The fund, administered by the Westside Future Fund and sourced from philanthropic donations, will operate as a grant for individuals and will not require participants to pay back any funds received. Residents can apply for the grant program from April 12, 2017 – March 15, 2018. Fund payments will begin in the 2018 tax year.
The program is one of many strategies initiated by the Westside Community Retention Collaborative, which was created to address Westside resident concerns on displacement and gentrification. The Collaborative is driven by the Department of Planning and Community Development, the Arthur M. Blank Family Foundation, Atlanta Housing Authority, Invest Atlanta, Atlanta Beltline, Atlanta Habitat for Humanity and the Westside Future Fund. The Collaborative receives guidance and input from members of the community.
“Our success begins and ends with the residents,” said John Ahmann, Executive Director of the Westside Future Fund. “When the Westside Future Fund was created, we were clear in our intention to do right by the members of this community. I’m grateful to have a board and a host of supporters who have taken that charge to heart.
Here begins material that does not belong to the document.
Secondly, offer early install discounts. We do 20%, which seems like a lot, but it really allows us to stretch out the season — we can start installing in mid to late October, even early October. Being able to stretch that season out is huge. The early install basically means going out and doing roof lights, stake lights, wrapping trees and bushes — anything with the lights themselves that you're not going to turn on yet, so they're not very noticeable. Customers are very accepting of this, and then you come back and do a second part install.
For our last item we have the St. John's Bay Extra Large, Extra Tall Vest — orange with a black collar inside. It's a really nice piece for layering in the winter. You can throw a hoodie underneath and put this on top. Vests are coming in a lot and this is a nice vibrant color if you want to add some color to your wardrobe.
Their tireless support and generosity allows us to keep our promise, ensuring that the people who have grown up and built their lives here can continue to be a part of it for generations to come.”
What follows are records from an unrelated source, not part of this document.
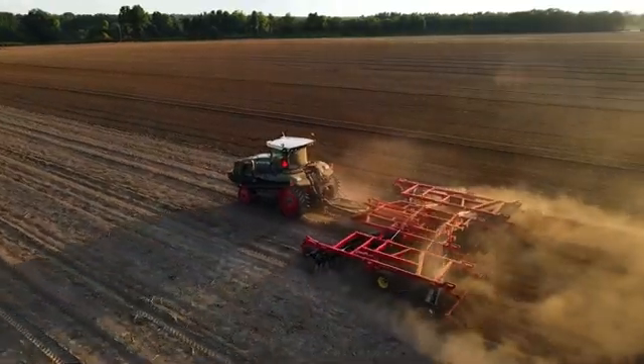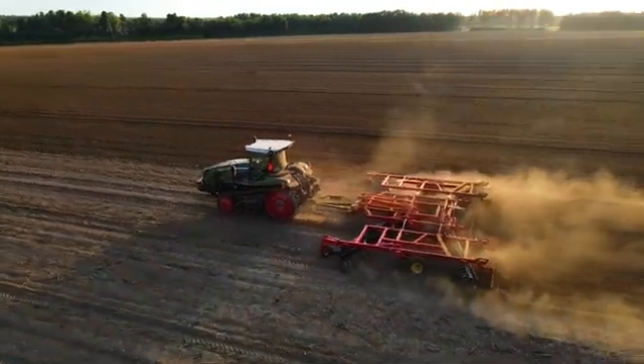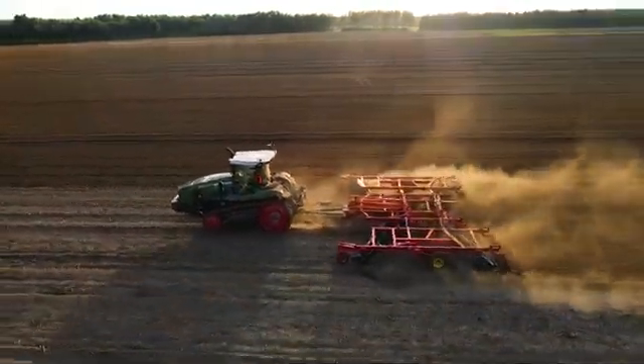With our Fendt tractors, it's a purely independent hydraulic system. What does that mean for you as a grower? It means a couple of things. For one, it's far more efficient. It takes less horsepower to run because that hydraulic system is really on-demand — it's only using as much hydraulic power, pressure, and flow as is required to power the implement off the back or front of these machines.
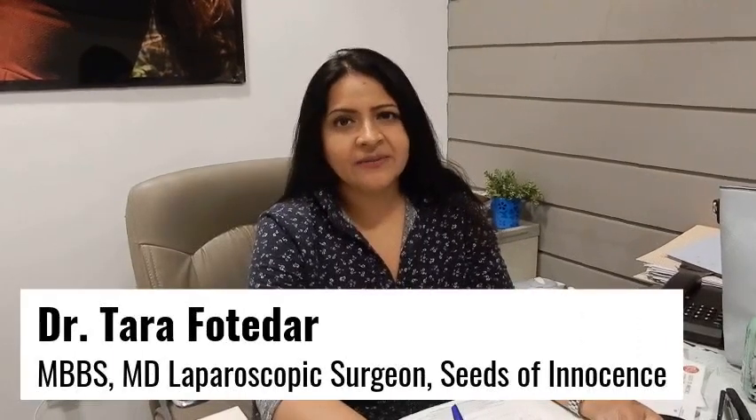Hello, my name is Dr. Tara. I am a senior consultant here in the Seeds of Innocence Service Center.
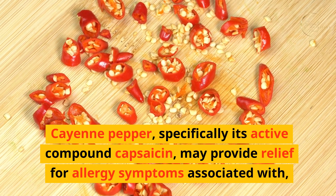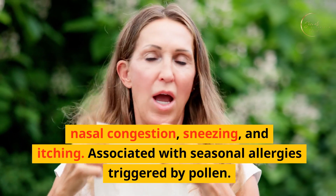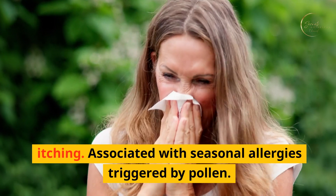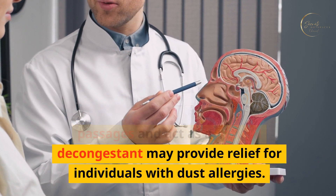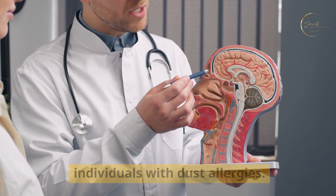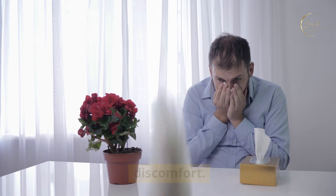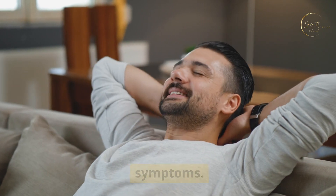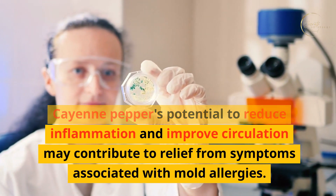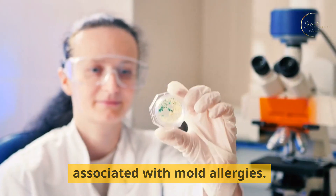Cayenne pepper, specifically its active compound capsaicin, may provide relief for allergy symptoms associated with nasal congestion, sneezing, and itching associated with seasonal allergies triggered by pollen. Cayenne pepper's ability to clear nasal passages and act as a natural decongestant may provide relief for individuals with dust allergies. Allergic reactions to pet dander can cause nasal congestion and respiratory discomfort, and cayenne pepper's anti-inflammatory effects may help alleviate these symptoms. Cayenne pepper's potential to reduce inflammation and improve circulation may contribute to relief from symptoms associated with mold allergies.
Philanthropic support comes from the Arthur M. Blank Family Foundation, the Chick-fil-A Foundation, the Georgia Power Foundation, Cox Enterprises, Pulte Group, Delta Air Lines, Georgia-Pacific and individual contributor Tommy Holder, chairman and CEO of Holder Construction Company.
The Reed Administration has made it a priority to revitalize Atlanta’s Westside and has worked to bring new public and private resources to support economic and civic development in the area.
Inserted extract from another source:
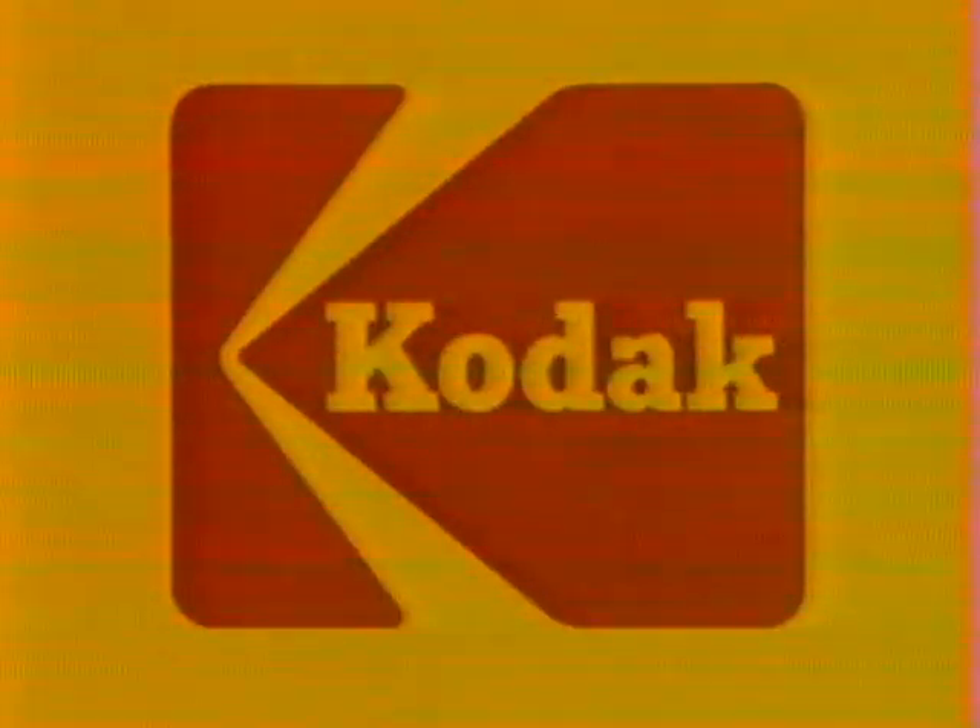Thank you. Trimprint, the extraordinary new instant color film from Kodak. Thank you.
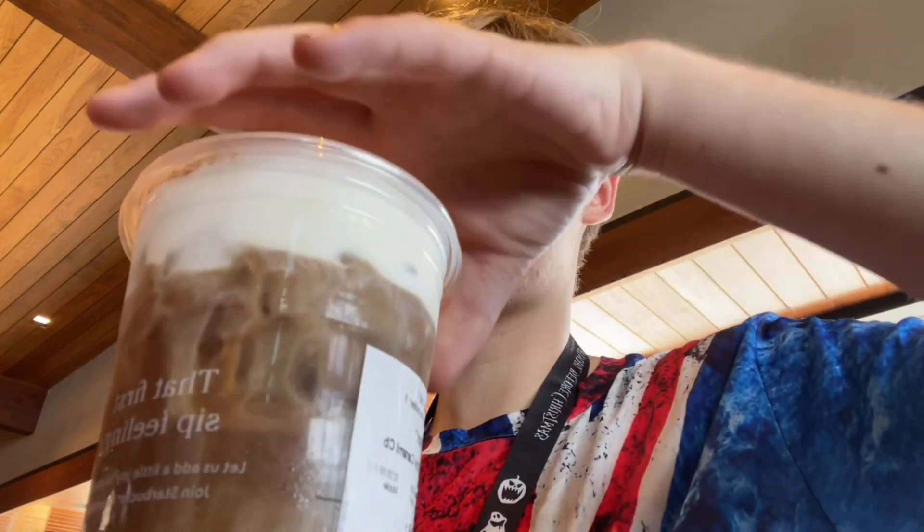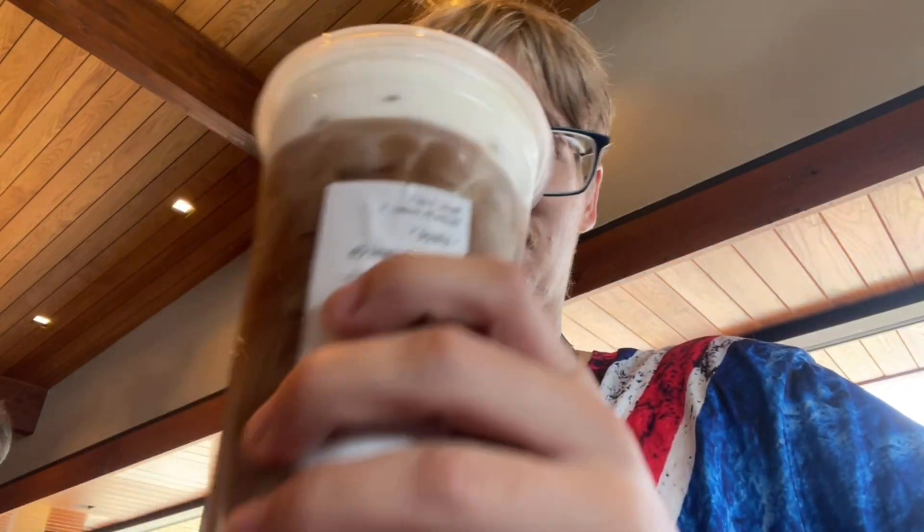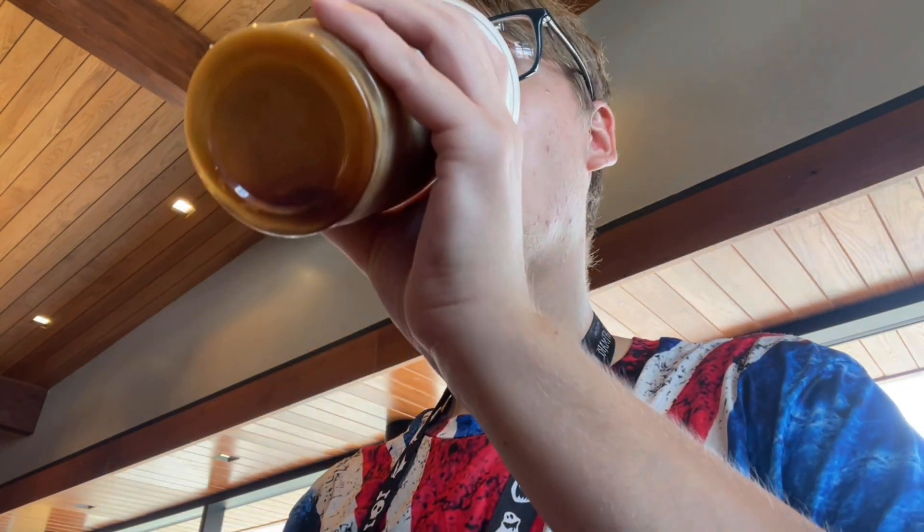I got the cinnamon cold brew. This is the first time I've ever tried a cinnamon cold brew. You'll like it.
In 2015, Mayor Reed partnered with Atlanta business leaders to establish the Westside Future Fund. The Fund serves as a catalyst for philanthropic and corporate support to accelerate improvements in the health, education and welfare of current residents, address equity and social justice issues associated with new residential and commercial development, and attract new investment, new jobs and new residents.
The City of Atlanta has pledged more than $30 million in new infrastructure, greenspace expansion and to fund Martin Luther King Jr. Drive streetscape improvements, which will transform the iconic road into a connected corridor with a Complete Streets approach.
In September 2015, the U.S. Department of Housing and Urban Development (HUD) awarded the City of Atlanta a $30 million CHOICE Neighborhoods Implementation Grant, which has already enabled the city to leverage additional public and private funds to assist in revitalizing five Westside neighborhoods.
In June 2016, the City of Atlanta received the Promise Zone designation, which allows the City to work strategically with HUD and other federal agencies to boost economic activity and job growth, improve educational opportunities, reduce crime and leverage private investment to improve the quality of life in the “Westside Promise Zone,” comprised of the historic Atlanta University Center neighborhood, Ashview Heights, Vine City, English Avenue and Castleberry Hill.
The communities will also soon welcome the new Mercedes-Benz Stadium, Castleberry Park mixed-use development and a Hard Rock Hotel.
Writer Gabriel Owens contributed to this story.